Friday, October 02, 2020

Old Fashioned Lime-Vanilla Ice


I suppose that nostalgia can be a kind of lie we tell ourselves. It can't have been as good, as perfect, as our sepia toned memories would make it, but at the same time we're drawn to it because it's also true.

In Ray Bradbury's classic nostalgic novel, Dandelion Wine, he writes:

And out there in the middle of the first day of August, just getting into his car was Bill Forrester, who shouted he was going downtown for some extraordinary ice cream or other and would anyone join him? So, not five minutes later, jiggled and steamed into a better mood, Douglas found himself stepping in off the fiery pavements and moving through the grotto of soda-scented air, of vanilla freshness at the drugstore, to sit at the snow-marble fountain with Bill Forrester. They then asked for a recital of the most unusual ices when the fountain man said, "Old fashioned lime-vanilla ice . . ."  

Bill Forrester is a middle-aged man, a neighbor and friend of Douglas, a ten-year-old boy. It's a moment of nostalgia wrapped in nostalgia, a place from an idealized small town America in which the lime-vanilla ice has always been old fashioned. In Bradbury's past, the children and adults can have friendships without the intervention of parents, where adults can offer, and children can spontaneously accept, invitations to jump in the car. It wasn't like that when I was a boy, I would have been suspicious of any adult who didn't expect me to ask mom, but Bradbury was born the better part of four decades before me so maybe it's not a lie. I suppose I believe it was largely true for him, at least in outline, because his novel is full of friendships between children and adults, ones about which their parents knew little.

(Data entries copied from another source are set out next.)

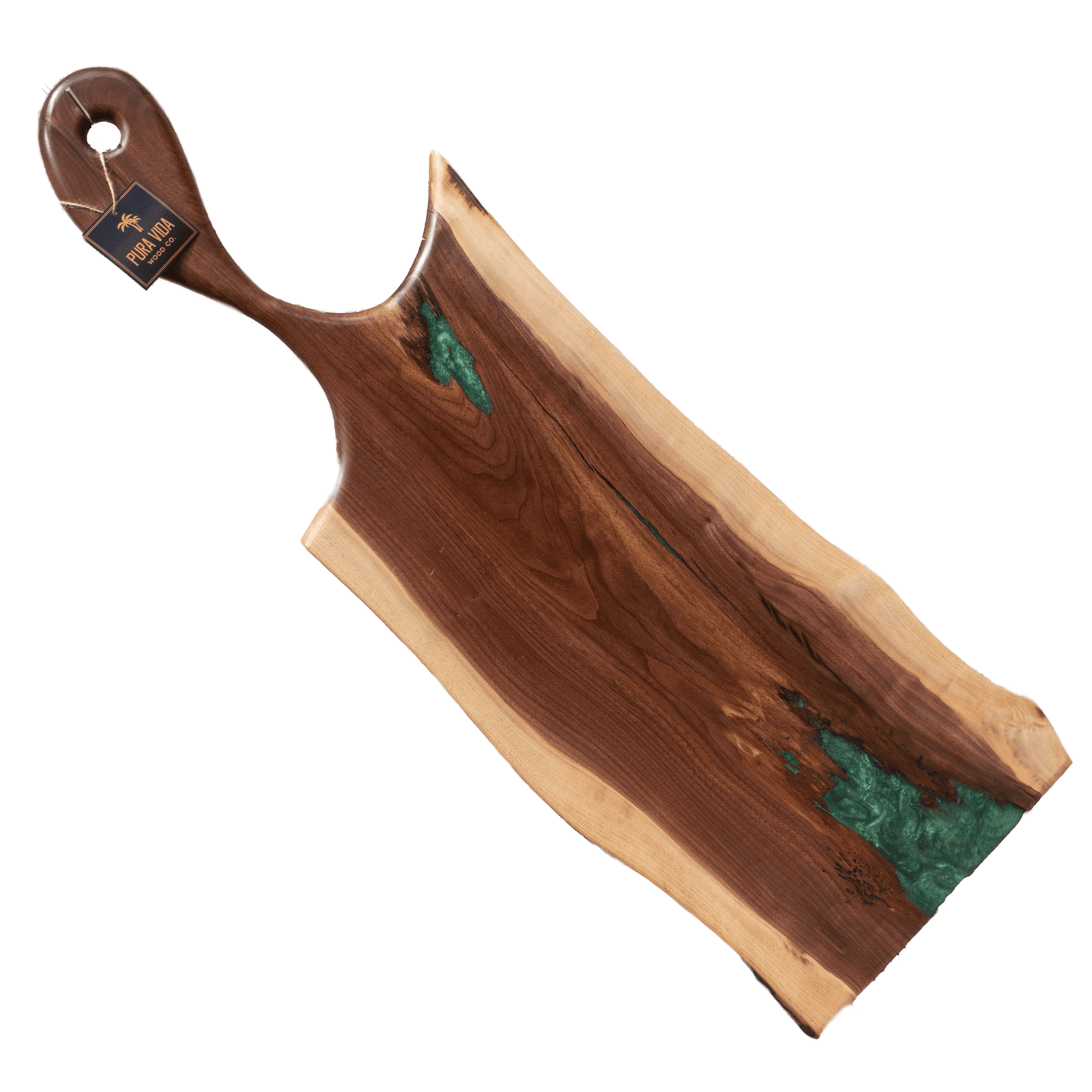 Green Medium Charcuterie Board | Pura Vida Woodworking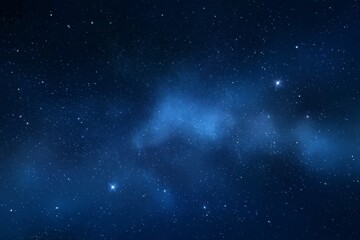 Night Sky With Stars and Nebula. Deep Space Background.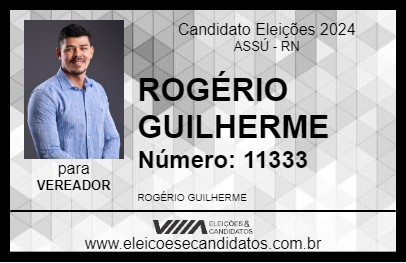 Candidato ROGÉRIO GUILHERME 2024 - ASSÚ - Eleições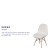 Flash Furniture DL-10-GG Calvin Shaggy Dog White Accent Chair addl-3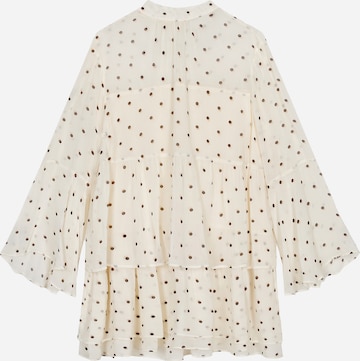 Robe OH APRIL en beige : devant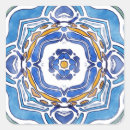 Buscar mosaicos azules y verdes pegatinas Patrón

I grew up in a middle class suburb in Columbia, South Carolina. We knew most of our neighbors, at least those with kids, because that's what mom did. She knocked on doors, baked, and helped organize. She went out of her way to make friends with several of the families on our cul-de-sac. In fact, it was our family ethic. My brother and I were often likewise out knocking on doors to ask if this friend or that friend could play and since their mothers were generally the ones answering the doors, we did tend to create relationships with our friend's parents that were off our own parent's radar. I think this is a good thing. I'm wary of nostalgia as I think of this, but I knew Mrs. Beale as something other than my mother's friend or Johnny's mother. I was several years younger than Douglas when she offered me the paid job of feeding their dog J.B. any time they were away for a few days. She instructed me and entrusted me with a key to her house and with the well-being of a beloved family pet. We made a "deal" with one another, agreeing to a mutual project, like deciding to take a car ride to the ice cream parlor. 

Mr. Sain was retired military. He once called me into his garage to show me a rattlesnake he'd killed with a hoe. I remember feeling that he was treating me like a young man even though I was a little kid. He then asked me to carry the shovel out into his backyard where we buried the body and the head. As he dug and I watched, he cautioned me at length about rattlesnakes, a lecture I remember to this day. Another time, when I was a little older, we were teamed up on a roadside trash clean-up crew, a volunteer effort organized through our church. We spent the afternoon chatting, the way Bill Forrester and Douglas did over that shared ice cream.

For more than two decades, I worked in a cooperative preschool, first as a parent, then as a teacher. It's a model in which the parents work with the teachers in the classroom as assistants so our children had plenty of opportunities to build their own relationships with adults. Children are often as motivated to hang out with their adult friends as with their kid friends. My own daughter definitely had her favorite cooperative preschool adults and they were often people I didn't know beyond nodding to them in the parking lot.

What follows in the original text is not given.